*Exercise goal*
Return exactly the lines of the records below, starting at the line that contains "Bugatti Veterboots Bruin 241487" and ending at the line that contains "Ultimate Linux: de", with both of those lines kept.

*Task material*
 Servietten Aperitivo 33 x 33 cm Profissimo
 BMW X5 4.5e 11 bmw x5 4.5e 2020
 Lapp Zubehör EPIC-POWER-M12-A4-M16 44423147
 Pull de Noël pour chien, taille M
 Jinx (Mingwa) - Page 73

* * *

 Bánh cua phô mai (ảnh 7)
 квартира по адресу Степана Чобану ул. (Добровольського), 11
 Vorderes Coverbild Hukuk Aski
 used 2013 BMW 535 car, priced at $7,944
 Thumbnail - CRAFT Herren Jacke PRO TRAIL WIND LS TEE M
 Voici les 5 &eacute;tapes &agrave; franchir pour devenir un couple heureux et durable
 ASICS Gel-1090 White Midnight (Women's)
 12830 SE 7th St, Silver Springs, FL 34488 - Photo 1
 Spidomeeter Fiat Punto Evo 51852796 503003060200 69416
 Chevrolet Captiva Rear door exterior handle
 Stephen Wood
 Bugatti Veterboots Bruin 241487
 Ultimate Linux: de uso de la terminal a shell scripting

...

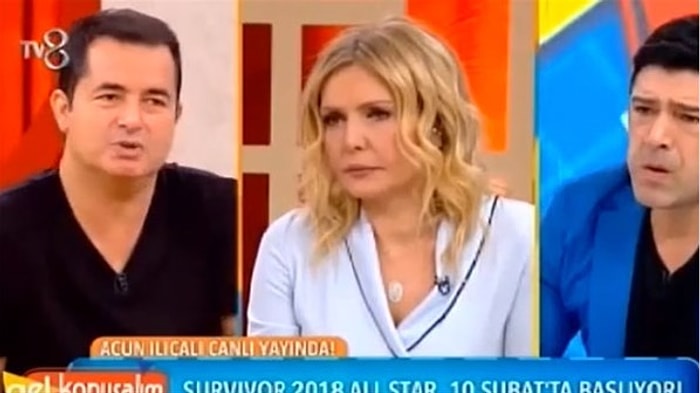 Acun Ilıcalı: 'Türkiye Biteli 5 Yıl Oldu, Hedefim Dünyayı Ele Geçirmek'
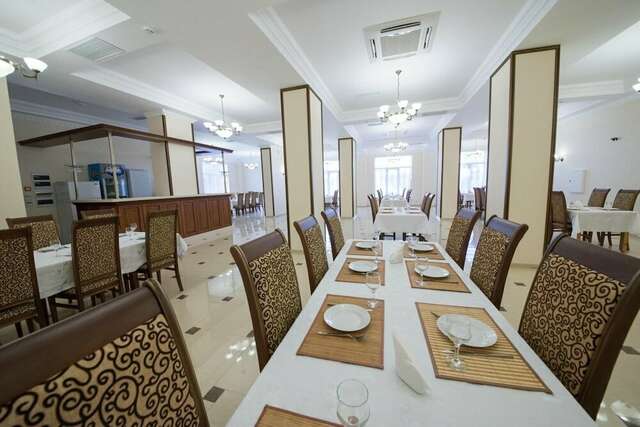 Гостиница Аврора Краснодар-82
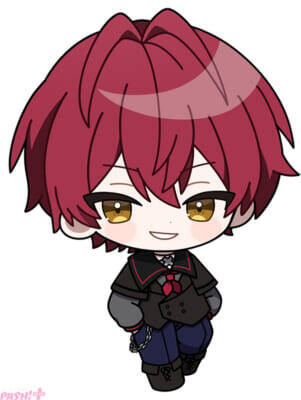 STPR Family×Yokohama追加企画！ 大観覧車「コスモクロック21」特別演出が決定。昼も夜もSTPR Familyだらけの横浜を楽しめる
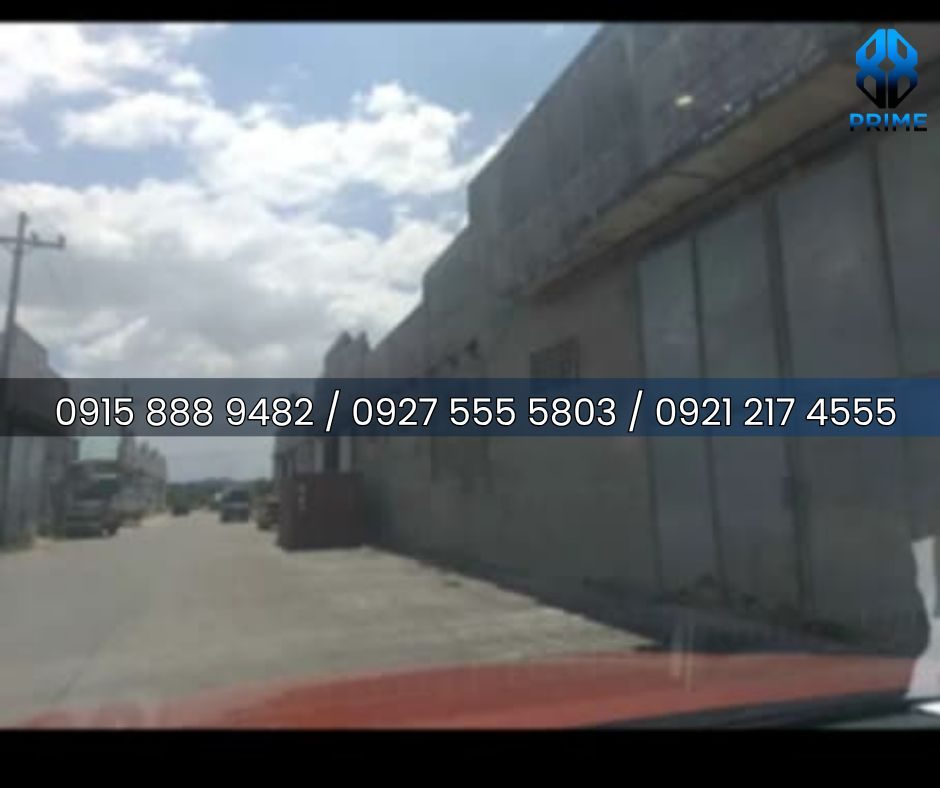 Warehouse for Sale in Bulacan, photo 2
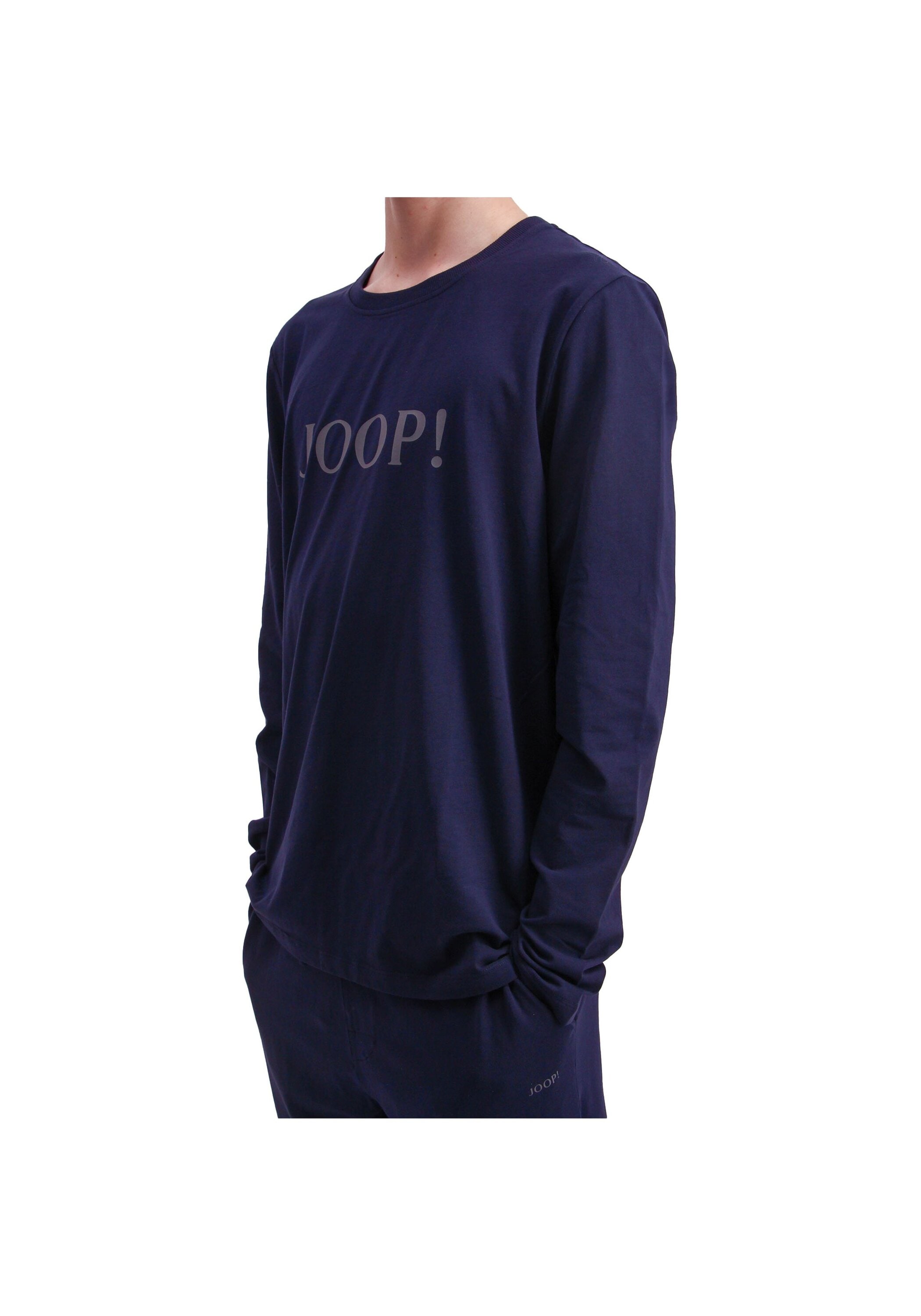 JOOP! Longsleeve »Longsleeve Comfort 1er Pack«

*Answer to the problem*
 Bugatti Veterboots Bruin 241487
 Ultimate Linux: de uso de la terminal a shell scripting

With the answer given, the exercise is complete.